“Should” is a Saboteur


Tonight, I come to you from a humble place: a place of distraction and failings, a place of comparison where I don’t measure up to my own standards of perfection. “Measuring up” is an interesting way to put it, I suppose. For just earlier today I attended my annual doctor exam where the nurse measured my height and stated, “Wow, you’re tall, you’re so lucky!” At 5’5” I consider myself tall-ish, but I was nevertheless taller than her so I was, by her standards, tall and lucky.

And you know, she wasn’t wrong. I am tall and lucky. I have been granted a height that allows me to reach the top shelf of my cupboard and that’s pretty cool. Not everyone has that ability. I’ve been given luck in love, that’s for sure. I also consider it marvelously lucky that I’ve managed to make it home everyday, safely.

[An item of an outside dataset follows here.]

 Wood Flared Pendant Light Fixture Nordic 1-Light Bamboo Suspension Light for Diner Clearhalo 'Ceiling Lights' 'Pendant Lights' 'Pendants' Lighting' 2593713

When I take those, and other, things into consideration, it seems silly that I actually spend a lot of my time feeling sorry for myself, or feeling like I am failing in some way. But the fact is that I don’t really put the good at the forefront of my mind. When I do manage to contemplate the good, it’s in a situation such as this, where I’m trying to console myself and disestablish my true feelings of self-loathing.

Those feelings of disappointment and regret surface when the word “SHOULD” comes into play. I once had a wonderful mentor who always said that “should is a saboteur.” “I should feel ______”, “I should want ______”: these are the ways “should” sabotages me. And I let it happen, because I believe what “should” tells me. I let my idea of what I should be or feel overwhelm my true actions and feelings. This comes into play when I feel lesser than at my workplace. This happens when I hear about the importance of siblings and acknowledge that I’m not interested in giving my child a sibling.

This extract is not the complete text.